HPE is the only enterprise storage supplier to rely on a partnership, rather than in-house development or acquisition, to provide object storage. HPE re-badges Scality to provide HPE Scalable Object Storage. It claims the combination of its Apollo storage systems and Scality RING delivers 14x9 availability, petabyte-scale storage and the ability to manage trillions of objects in a single namespace. Scality scales as a single distributed system across multiple sites and, potentially, thousands of standard x86 servers. It is in the middle of efforts to achieve “multi-cloud” operations, in which customers can operate within and between public cloud and on-premise environments.
Cloudian recently raised $94m in funding, which the supplier hopes will help it deliver deployments in the hundreds of petabytes scale. Cloudian’s core product is object storage based on the Apache Cassandra open source distributed database. It can come as storage software to be deployed on commodity hardware, in cloud instances on Google’s cloud or in hardware appliance form. Its Hyperfile file access – which is Posix/Windows-compliant – can also be deployed on-premise and in the cloud to provide file access. Surprisingly, Cloudian’s roots lie not in storage technology, but in wireless messaging, with a system for carriers called Gemini Mobile.
Scality has a bridgehead in the enterprise object storage market through its partnership with HPE. The supplier’s primary focus is on software-defined storage, and it claims that with its latest release, RING 7.4, customers can deploy the technology within an hour on one of 45 reference systems.
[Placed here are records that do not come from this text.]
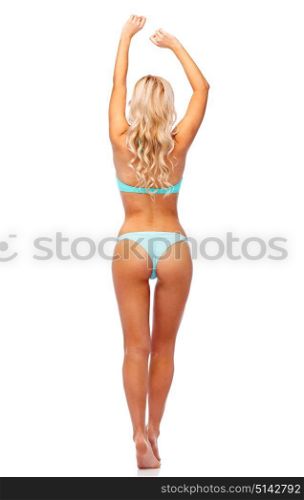 people, swimwear and summer concept - young woman in bikini swimsuit from back. woman in bikini swimsuit from back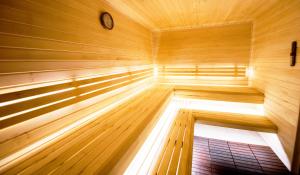 a wooden sauna with a clock in the middle at LOFT Hotel & SPA in Bukovel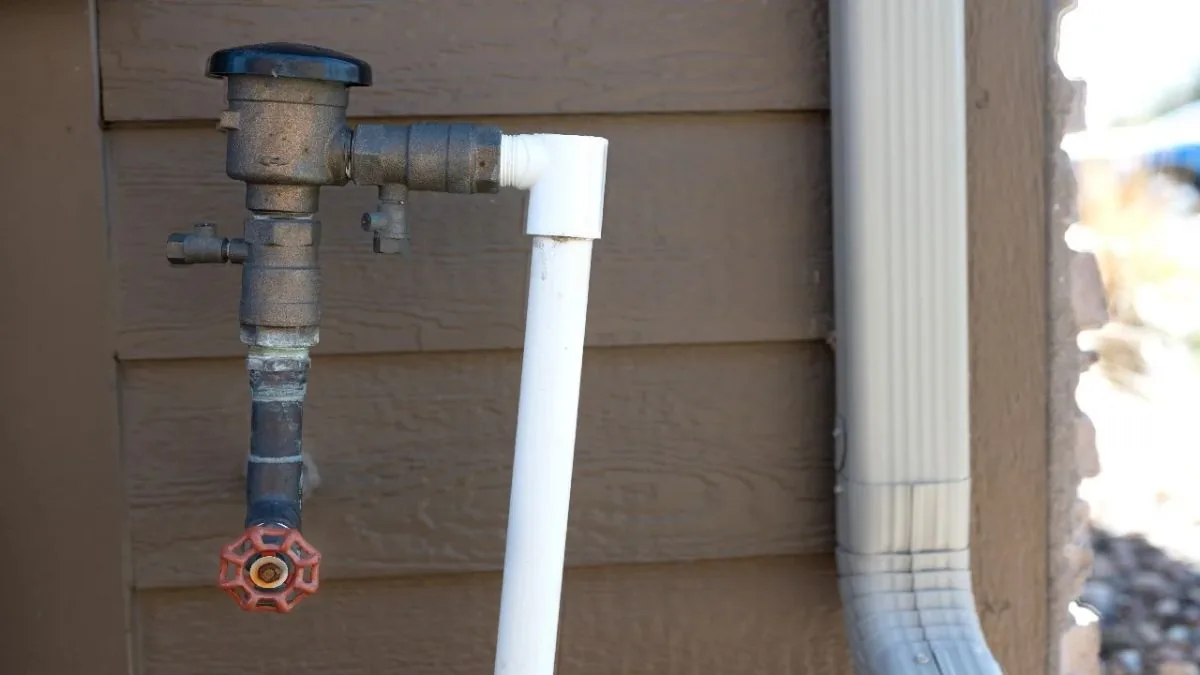 Vacuum breaker valve on a stucco wall beside a downspout, Backflow Prevention in Downey, CA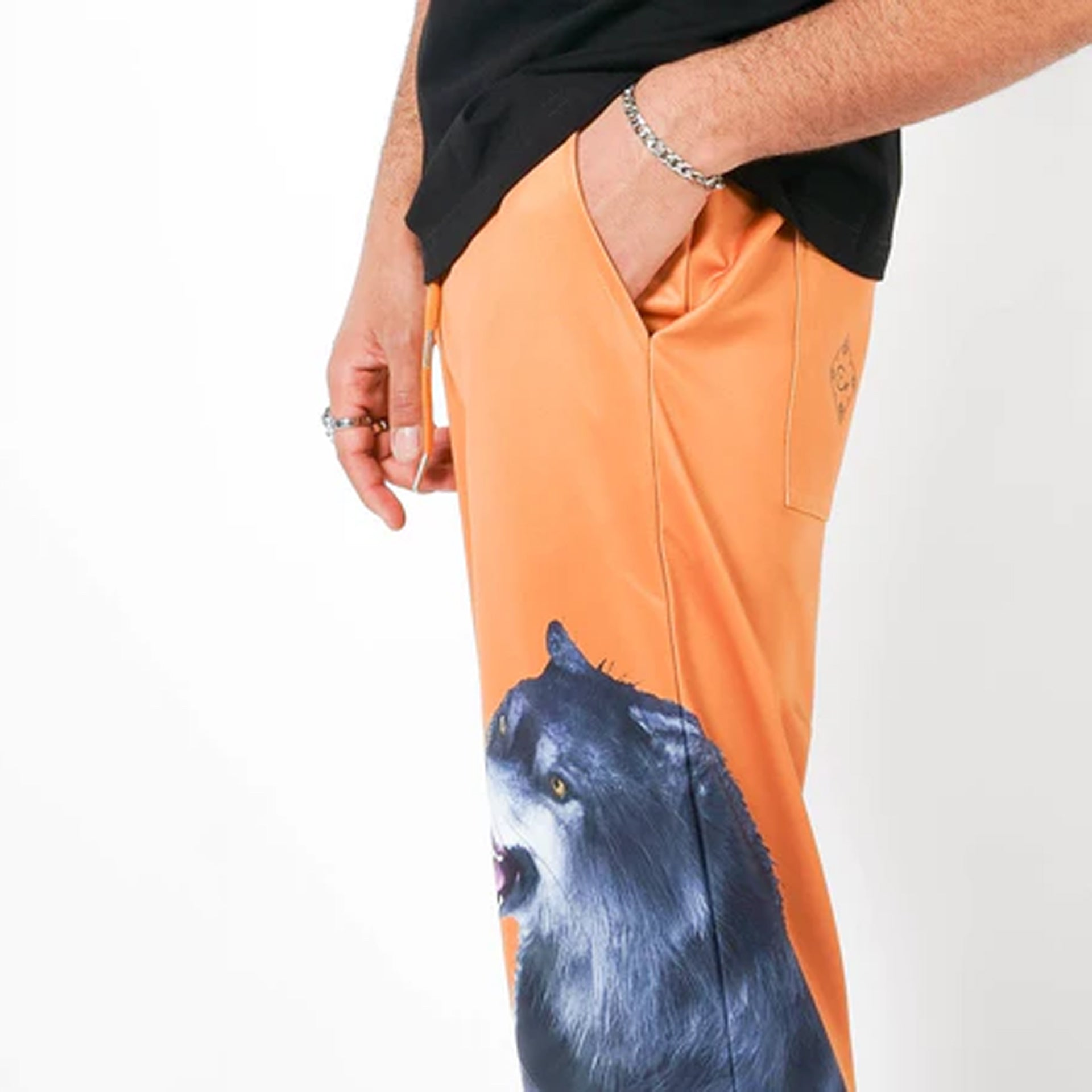 Orange pants with wolf print FROM HOUSE OF CENMAR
RING also supports point-and-click provisioning to Amazon S3 storage. Scality recently launched Zenko, a multi-cloud data controller, which works with both file and object storage.
DDN’s offering in the market is WOS, or Web Object Scaler. The technology supports S3 and REST APIs and is offered in 4U and 5U appliance form, as well as software-defined. The supplier claims WOS lowers the cost of object storage to a level competitive with tape, while allowing users to access S3 storage in the Amazon cloud or elsewhere.
Red Hat uses Ceph (as does Suse) to provide software-defined storage. Red Hat integrates Ceph with OpenStack for private clouds and can sync data to S3-compatible public clouds. Ceph is not, however, limited to object storage – it also supports block and file. Red Hat positions its object storage offerings as an option for organisations handling rich media content.
Seattle-based Qumulo is still a relatively young company but is well funded, having raised US$93m in Series D funding this summer. Qumulo’s QF2 is a parallel file system that scales to hundreds of nodes and can be deployed on Qumulo-supplied or approved third-party hardware (currently HPE) in the customer datacentre or as software nodes in the Amazon cloud, with storage tiering in both locations. Although the company originally focused on scale-out NAS technology, its Qumulo Core file and object storage software is available for HPE Apollo servers.
Swarm is Caringo’s software-defined storage object solution. Each node integrates into a collection of storage nodes, providing features such as multi-tenancy and flexible billing and auditing. It can be deployed natively on standard x86 servers, within virtual machines or tier data to Amazon or Azure clouds in native formats that can take advantage of cloud compute instances.